Task directions> Return only the lines of the data below from the line with "Load image into" up to and including the line with "Staircase in 4", exactly as written, with the pictures omitted.

Data to use>
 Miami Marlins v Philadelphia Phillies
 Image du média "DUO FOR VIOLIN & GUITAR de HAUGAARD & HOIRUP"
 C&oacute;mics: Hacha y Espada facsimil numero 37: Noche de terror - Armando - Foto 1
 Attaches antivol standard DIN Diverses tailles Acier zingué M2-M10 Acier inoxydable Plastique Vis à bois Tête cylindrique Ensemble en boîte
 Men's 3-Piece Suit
* * *
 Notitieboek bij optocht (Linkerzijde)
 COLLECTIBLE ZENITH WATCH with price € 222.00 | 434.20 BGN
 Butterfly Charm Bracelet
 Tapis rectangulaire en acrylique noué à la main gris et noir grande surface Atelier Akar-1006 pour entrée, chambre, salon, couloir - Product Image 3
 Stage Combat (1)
--
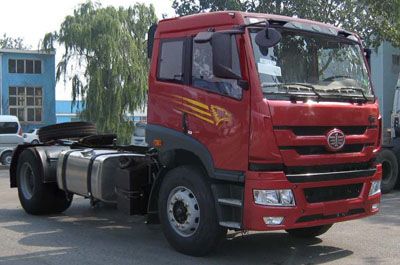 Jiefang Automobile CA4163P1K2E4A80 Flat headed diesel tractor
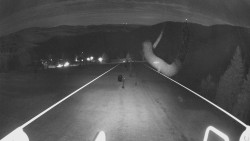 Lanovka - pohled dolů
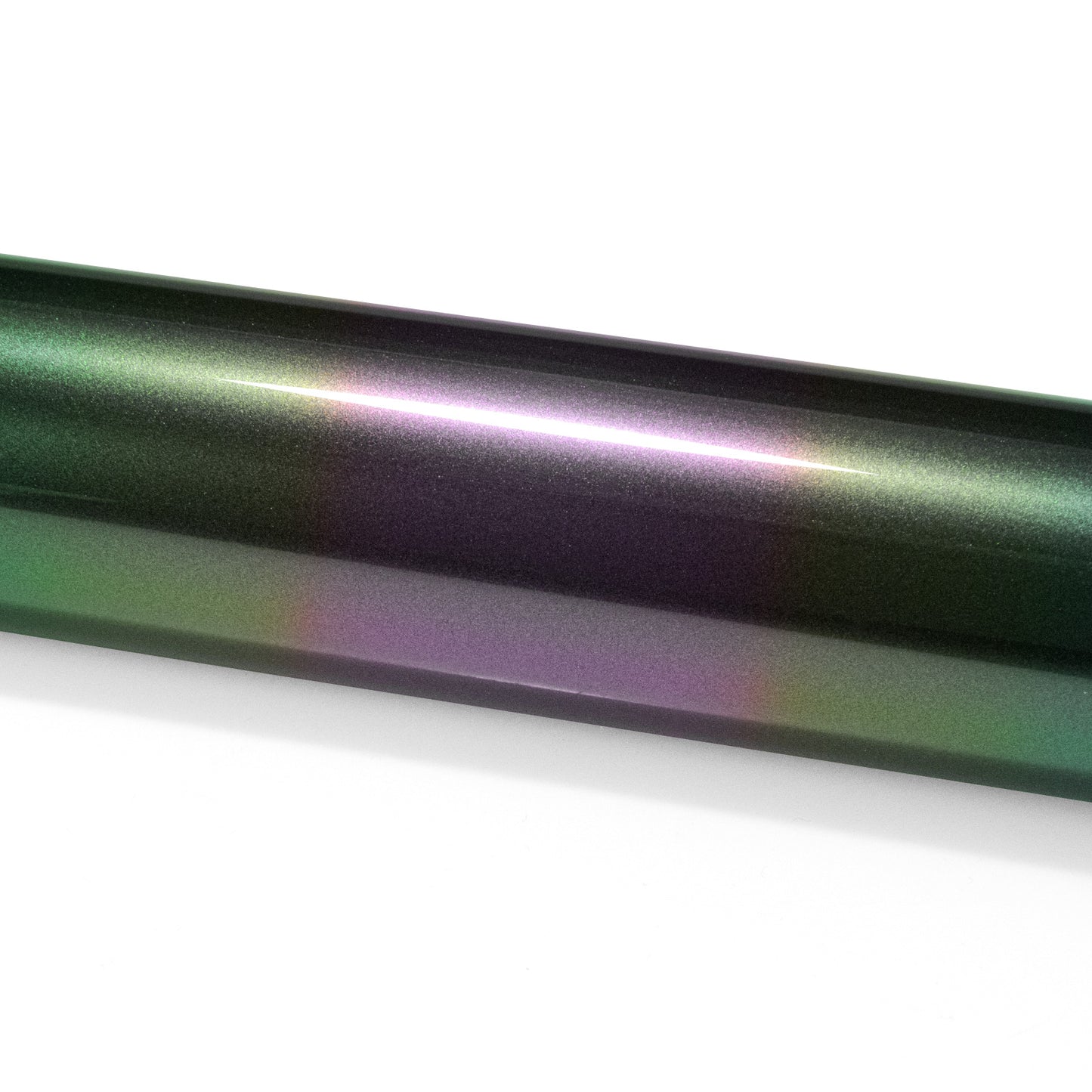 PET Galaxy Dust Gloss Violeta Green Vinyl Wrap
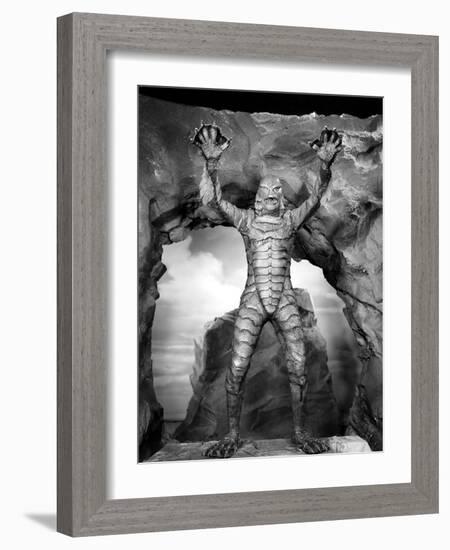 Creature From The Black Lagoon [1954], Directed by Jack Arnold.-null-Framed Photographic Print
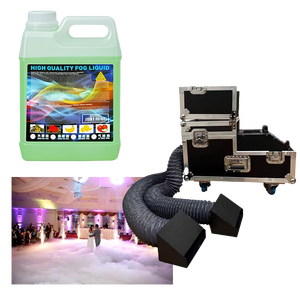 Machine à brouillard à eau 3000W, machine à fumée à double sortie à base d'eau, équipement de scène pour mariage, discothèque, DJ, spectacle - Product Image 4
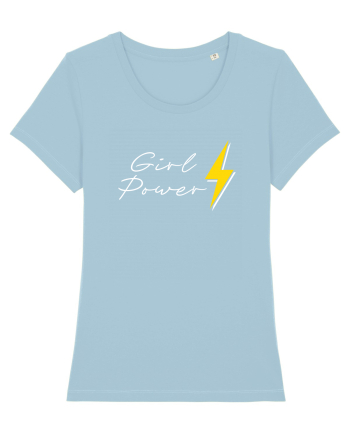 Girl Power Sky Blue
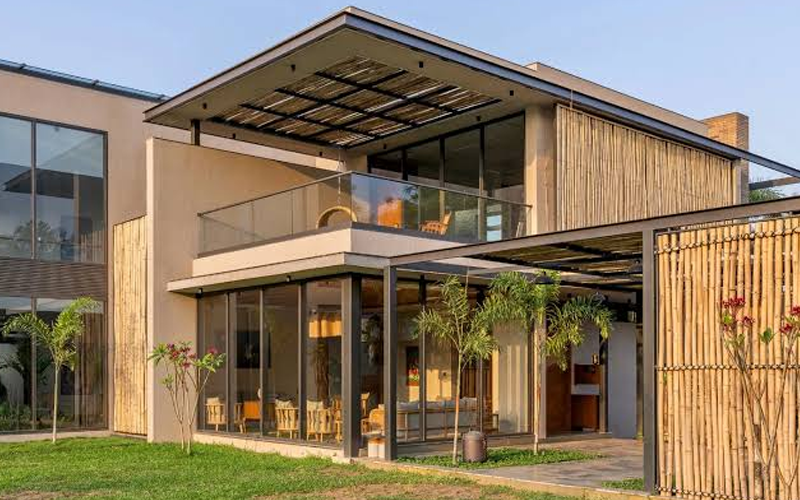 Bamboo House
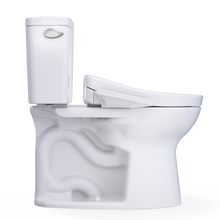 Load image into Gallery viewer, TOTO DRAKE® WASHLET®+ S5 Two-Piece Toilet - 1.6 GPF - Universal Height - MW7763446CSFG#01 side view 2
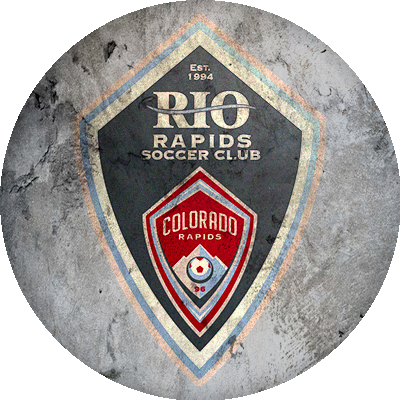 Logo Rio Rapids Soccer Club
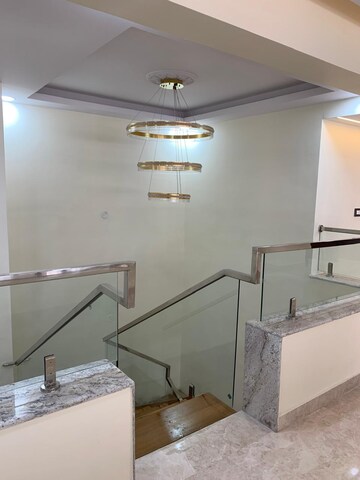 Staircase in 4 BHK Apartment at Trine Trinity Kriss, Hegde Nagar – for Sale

Solution to the exercise>
 Load image into Gallery viewer, TOTO DRAKE® WASHLET®+ S5 Two-Piece Toilet - 1.6 GPF - Universal Height - MW7763446CSFG#01 side view 2
 Logo Rio Rapids Soccer Club
 Staircase in 4 BHK Apartment at Trine Trinity Kriss, Hegde Nagar – for Sale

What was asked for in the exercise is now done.